• _Aim of the task_
Output the entries that follow character for character. Leave every image out.

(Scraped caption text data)
►

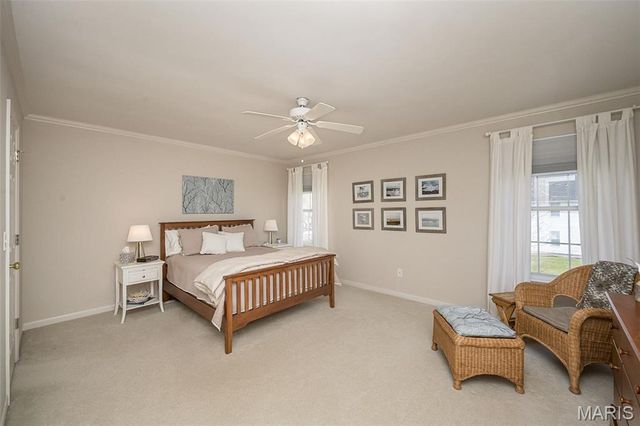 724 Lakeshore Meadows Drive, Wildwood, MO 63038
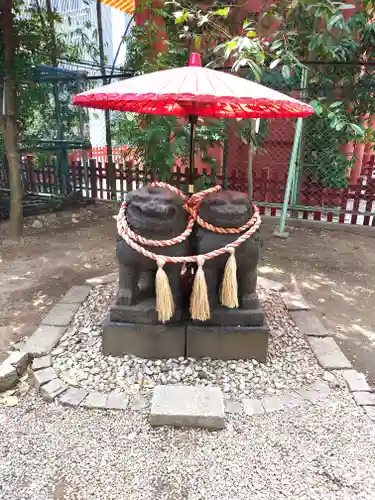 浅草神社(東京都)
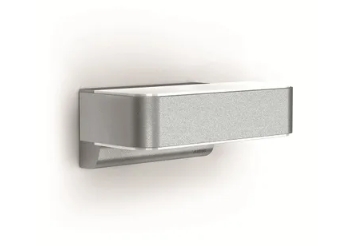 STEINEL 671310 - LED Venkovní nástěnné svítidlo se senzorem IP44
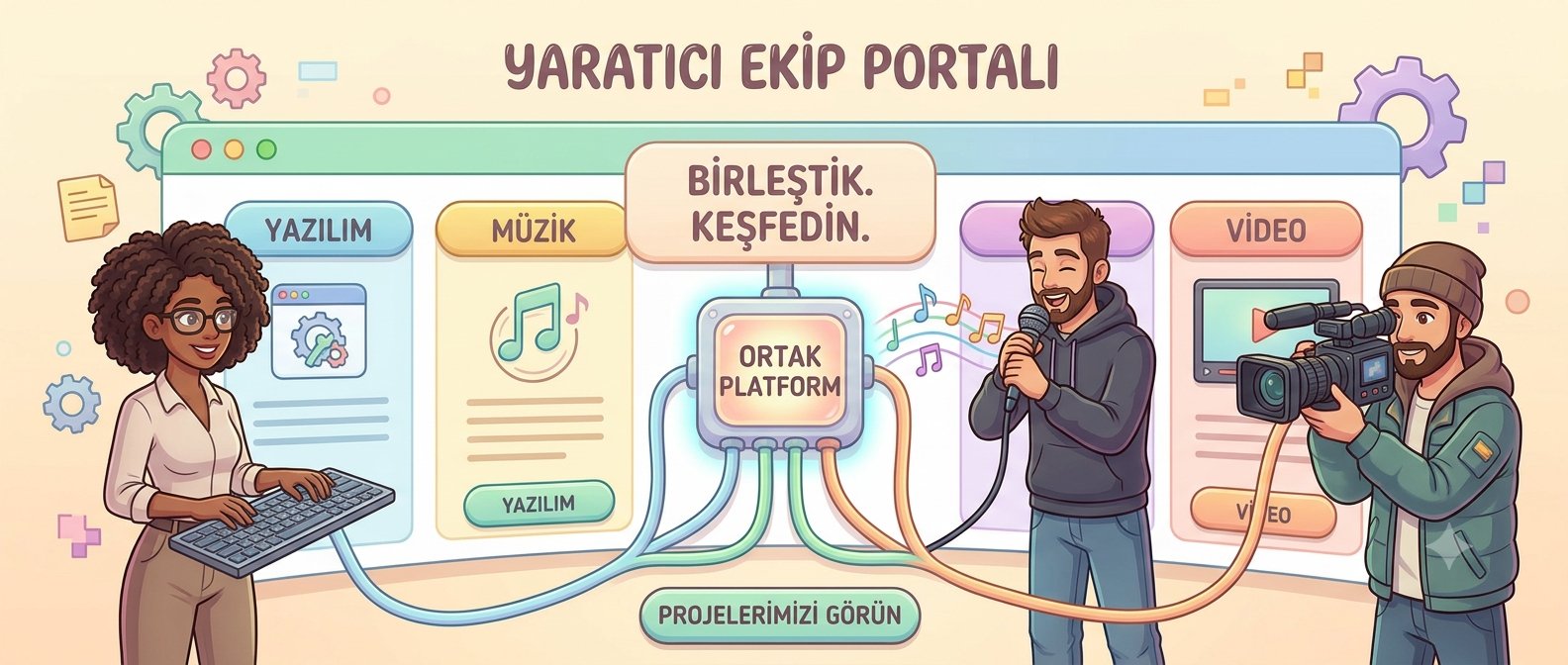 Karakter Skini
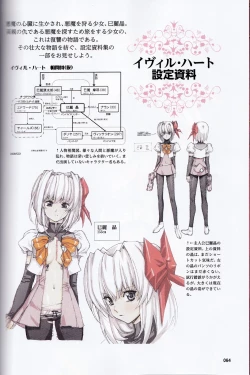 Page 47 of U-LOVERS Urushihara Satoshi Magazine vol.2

◄

• _Response area_
 724 Lakeshore Meadows Drive, Wildwood, MO 63038
 浅草神社(東京都)
 STEINEL 671310 - LED Venkovní nástěnné svítidlo se senzorem IP44
 Karakter Skini
 Page 47 of U-LOVERS Urushihara Satoshi Magazine vol.2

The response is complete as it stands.